■ TO DO:
Taking the line with "Pain - Naruto - Third Eye Studio" as the first and the line with "[Obrazek: taaaaaapeta.jpg]" as the last, set down the lines below exactly, pictures excluded.

Segment Start: PROVIDED MATERIAL

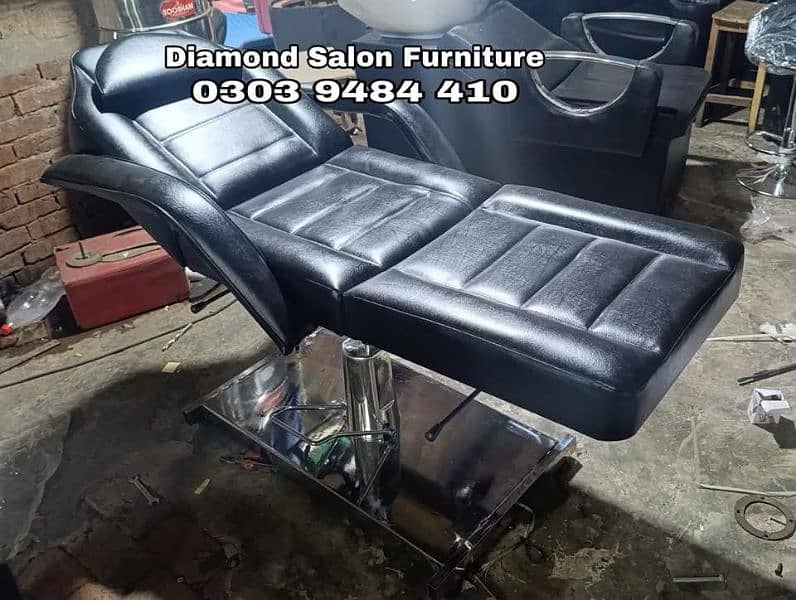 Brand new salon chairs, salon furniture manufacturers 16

Segment End: PROVIDED MATERIAL
Segment Start: PROVIDED MATERIAL

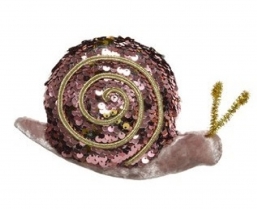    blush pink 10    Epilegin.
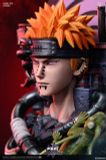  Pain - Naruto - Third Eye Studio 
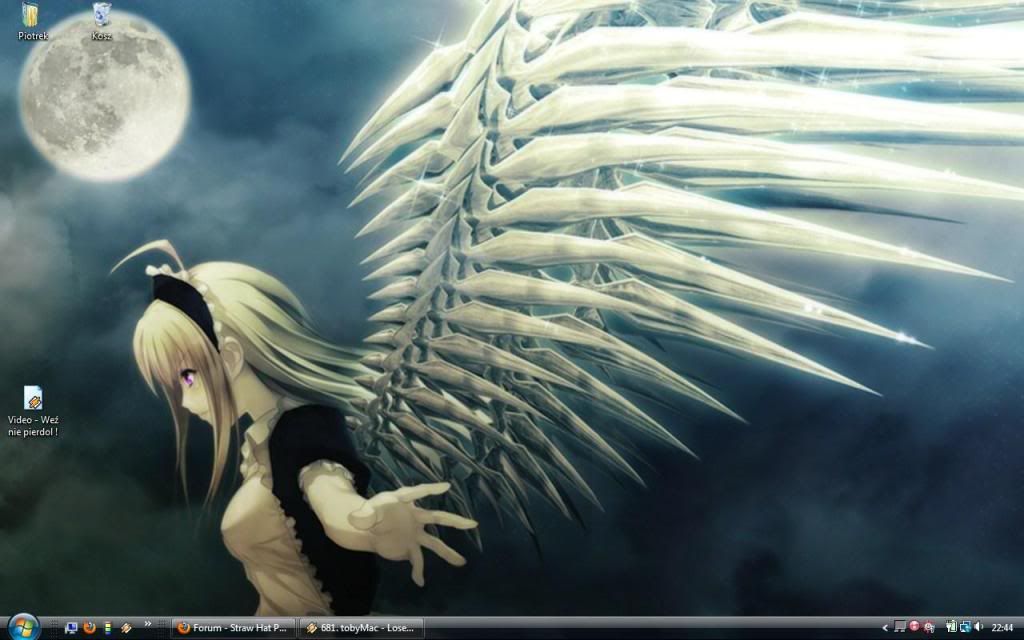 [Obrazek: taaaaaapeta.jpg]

Segment End: PROVIDED MATERIAL
Segment Start: PROVIDED MATERIAL

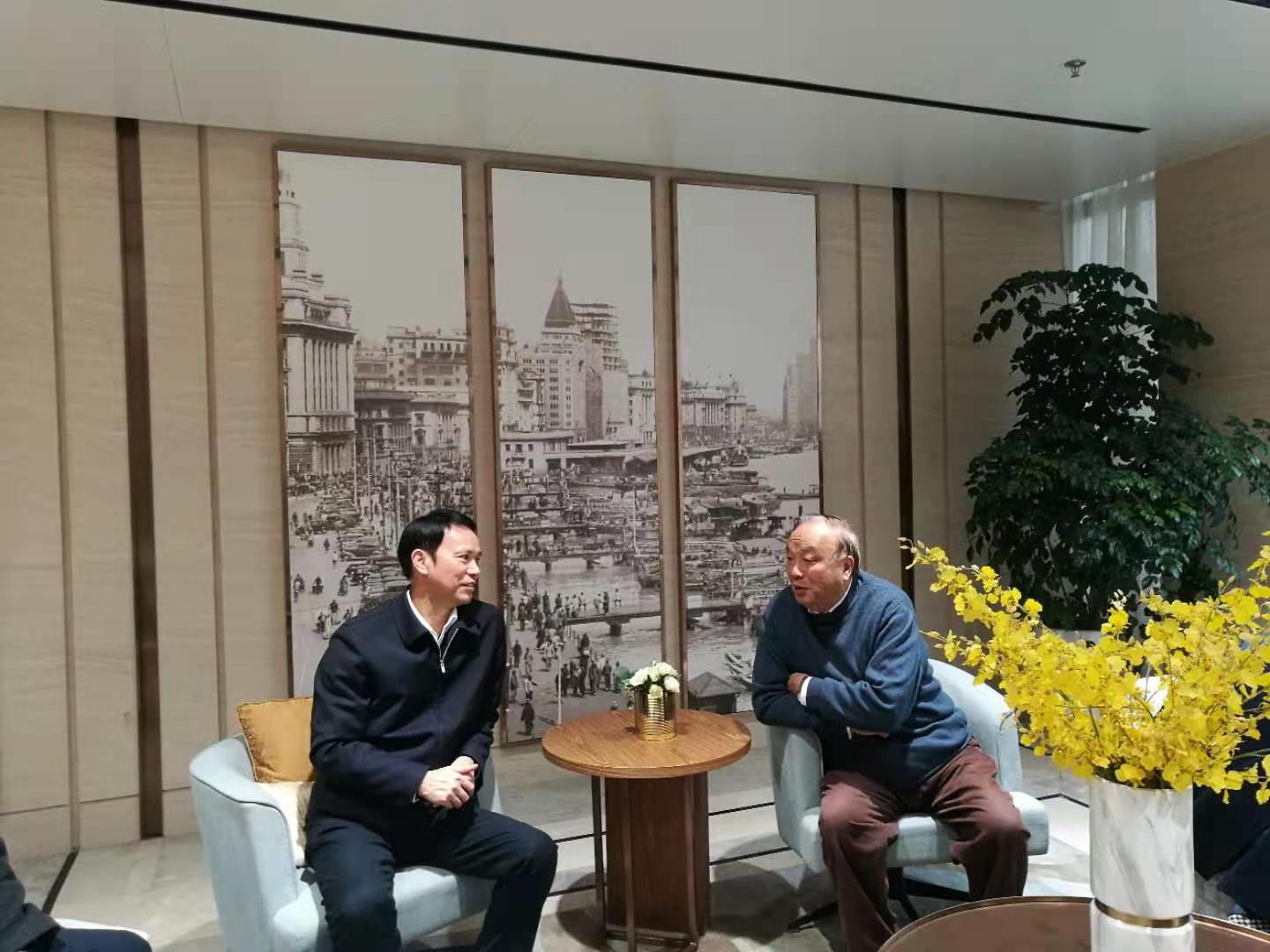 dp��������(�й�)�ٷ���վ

Segment End: PROVIDED MATERIAL

■ WRITTEN ANSWER:
  Pain - Naruto - Third Eye Studio 
 [Obrazek: taaaaaapeta.jpg]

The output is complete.